Facial Keypoint Detection

This project will be all about defining and training a convolutional neural network to perform facial keypoint detection, and using computer vision techniques to transform images of faces. The first step in any challenge like this will be to load and visualize the data you'll be working with.

Let's take a look at some examples of images and corresponding facial keypoints.
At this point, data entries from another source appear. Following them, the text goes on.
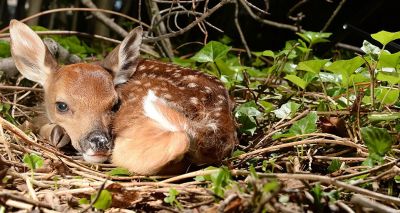 Leave fawns in the wild, public urged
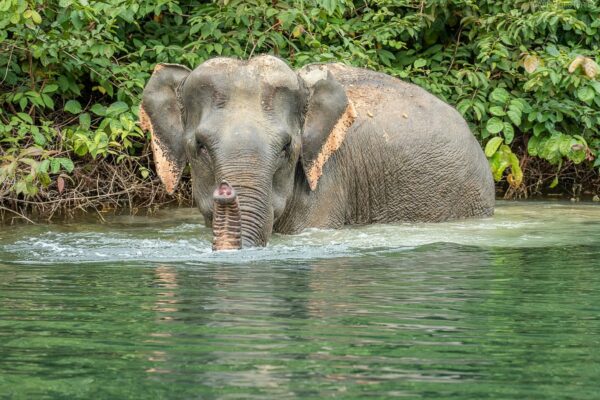 Wilder Elefant beim Bad, Khao Sok Nationalpark, Thailand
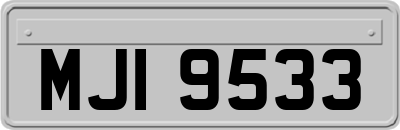 MJI9533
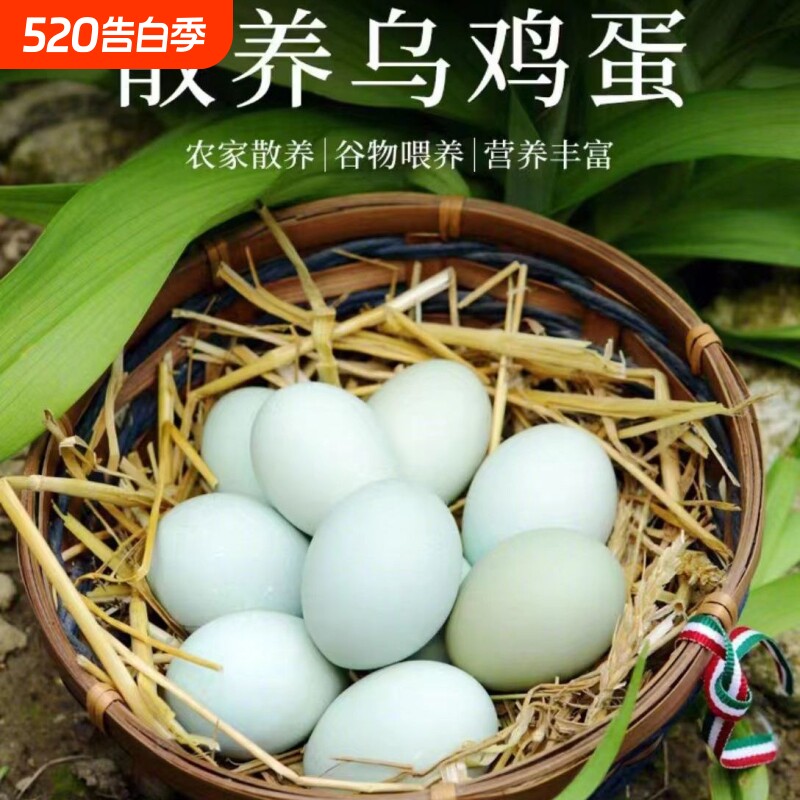 新鲜农村散养绿壳乌鸡蛋孕妇宝宝柴鸡蛋土鸡蛋笨鸡蛋五黑鸡普通
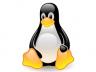 Gain experience by working with Linux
Facial keypoints (also called facial landmarks) are the small magenta dots shown on each of the faces in the image above. In each training and test image, there is a single face and 68 keypoints, with coordinates (x, y), for that face. These keypoints mark important areas of the face: the eyes, corners of the mouth, the nose, etc. These keypoints are relevant for a variety of tasks, such as face filters, emotion recognition, pose recognition, and so on. Here they are, numbered, and you can see that specific ranges of points match different portions of the face.

Load and Visualize Data

The first step in working with any dataset is to become familiar with your data; you'll need to load in the images of faces and their keypoints and visualize them! This set of image data has been extracted from the YouTube Faces Dataset, which includes videos of people in YouTube videos. These videos have been fed through some processing steps and turned into sets of image frames containing one face and the associated keypoints.

Training and Testing Data

This facial keypoints dataset consists of 5770 color images. All of these images are separated into either a training or a test set of data.

3462 of these images are training images, for you to use as you create a model to predict keypoints.
2308 are test images, which will be used to test the accuracy of your model.

The information about the images and keypoints in this dataset are summarized in CSV files, which we can read in using pandas. Let's read the training CSV and get the annotations in an (N, 2) array where N is the number of keypoints and 2 is the dimension of the keypoint coordinates (x, y).

# import the required libraries
import glob
import os
import numpy as np
import pandas as pd
import matplotlib.pyplot as plt
import matplotlib.image as mpimg

import cv2

key_pts_frame = pd.read_csv('data/training_frames_keypoints.csv')

n = 0
image_name = key_pts_frame.iloc[n, 0]
key_pts = key_pts_frame.iloc[n, 1:].as_matrix()
key_pts = key_pts.astype('float').reshape(-1, 2)

print('Image name: ', image_name)
print('Landmarks shape: ', key_pts.shape)
print('First 4 key pts: {}'.format(key_pts[:4]))

Image name:  Luis_Fonsi_21.jpg
Landmarks shape:  (68, 2)
First 4 key pts: [[ 45.  98.]
 [ 47. 106.]
 [ 49. 110.]
 [ 53. 119.]]

C:\ProgramData\Anaconda3\lib\site-packages\ipykernel_launcher.py:5: FutureWarning: Method .as_matrix will be removed in a future version. Use .values instead.
  """

# print out some stats about the data
print('Number of images: ', key_pts_frame.shape[0])

Number of images:  3462